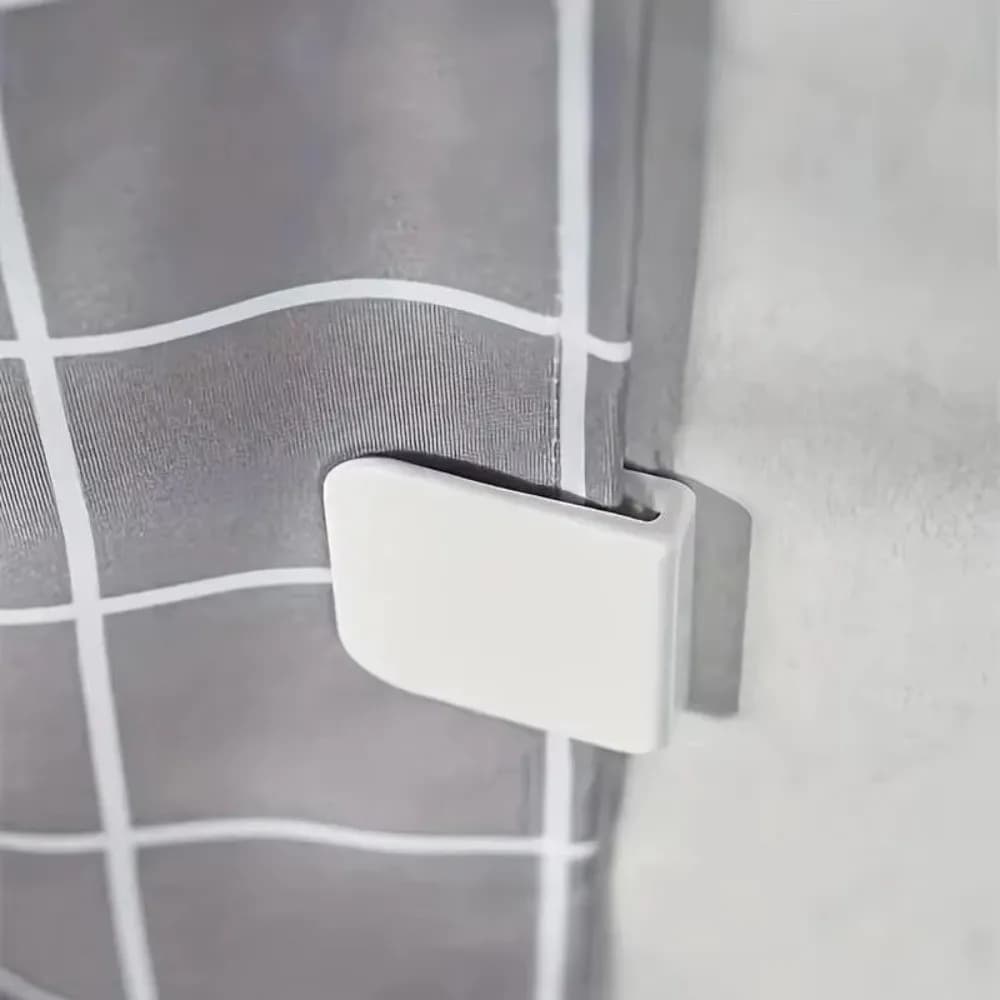 4Pcs New Transparent Shower Curtain Clips ABS Windproof Wind Fixed Hook Splash Self Adhesive Curtain Holders Bathroom
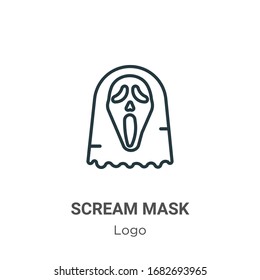 Scream mask outline vector icon. Thin line black scream mask icon, flat vector simple element illustration from editable logo concept isolated stroke on white background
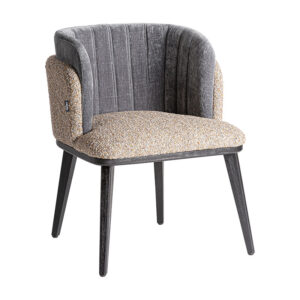Silla Meda de estilo art deco fabricado en terciopelo en color tonos oscuros combinado con poliéster y madera de caucho en color negra.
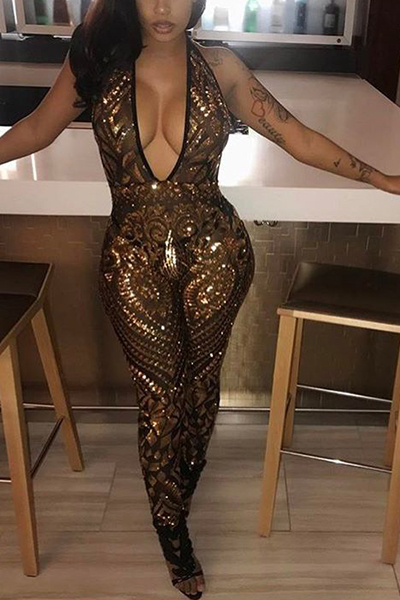 Sexy Deep V Neck Sleeveless Backless Gold  Sequined One-piece Skinny Jumpsuits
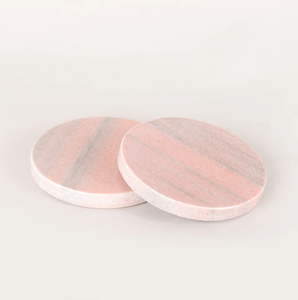 Round Marble Coaster Set - Pink
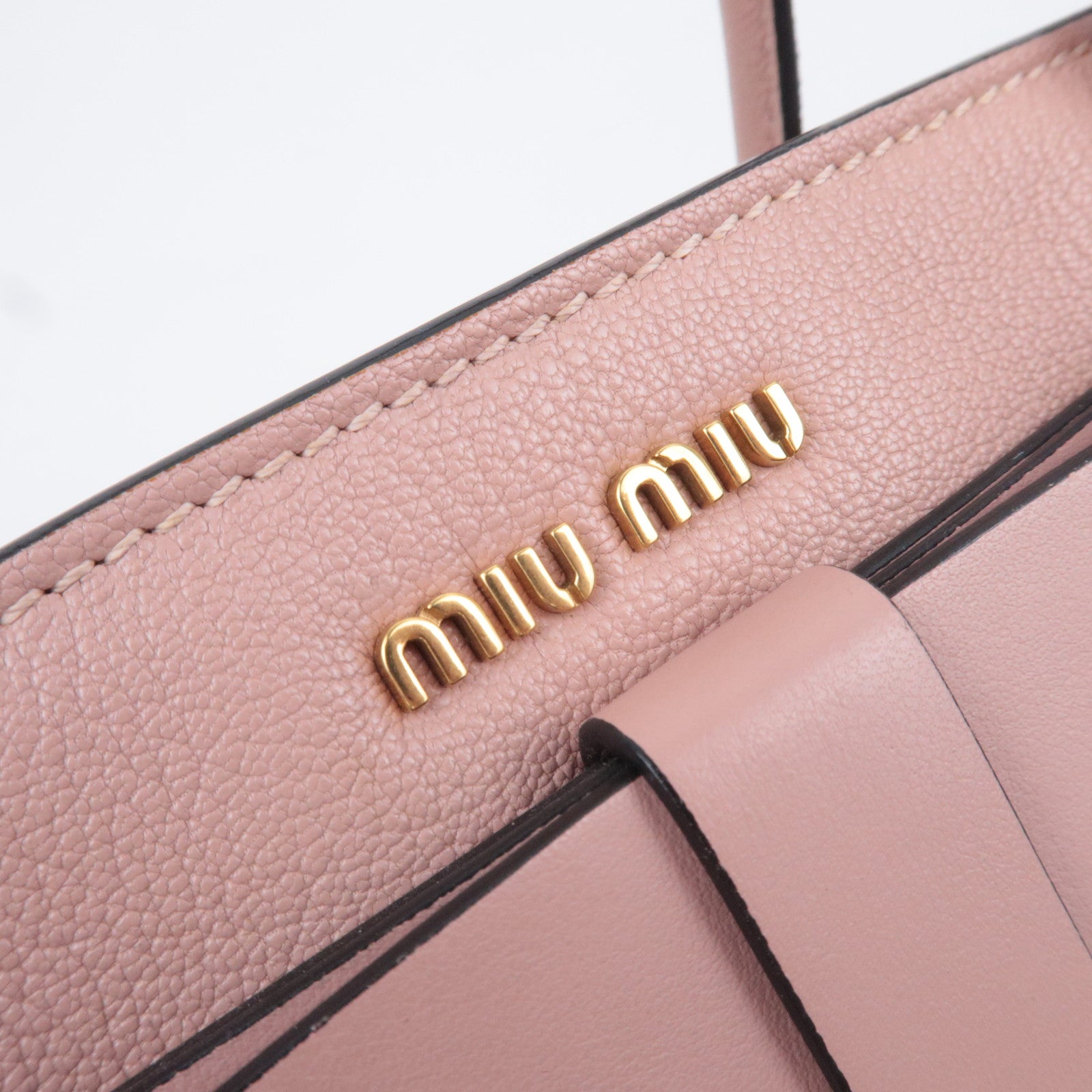 MIU MIU Ribbon Madras Fiocco Leather Handbag Pink 5BA056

* ACTION ITEM: With the pictures excluded, the records are to be reproduced exactly.

* EXERCISE OUTPUT:
 4Pcs New Transparent Shower Curtain Clips ABS Windproof Wind Fixed Hook Splash Self Adhesive Curtain Holders Bathroom
 Scream mask outline vector icon. Thin line black scream mask icon, flat vector simple element illustration from editable logo concept isolated stroke on white background
Silla Meda de estilo art deco fabricado en terciopelo en color tonos oscuros combinado con poliéster y madera de caucho en color negra.
 Sexy Deep V Neck Sleeveless Backless Gold  Sequined One-piece Skinny Jumpsuits
 Round Marble Coaster Set - Pink
 MIU MIU Ribbon Madras Fiocco Leather Handbag Pink 5BA056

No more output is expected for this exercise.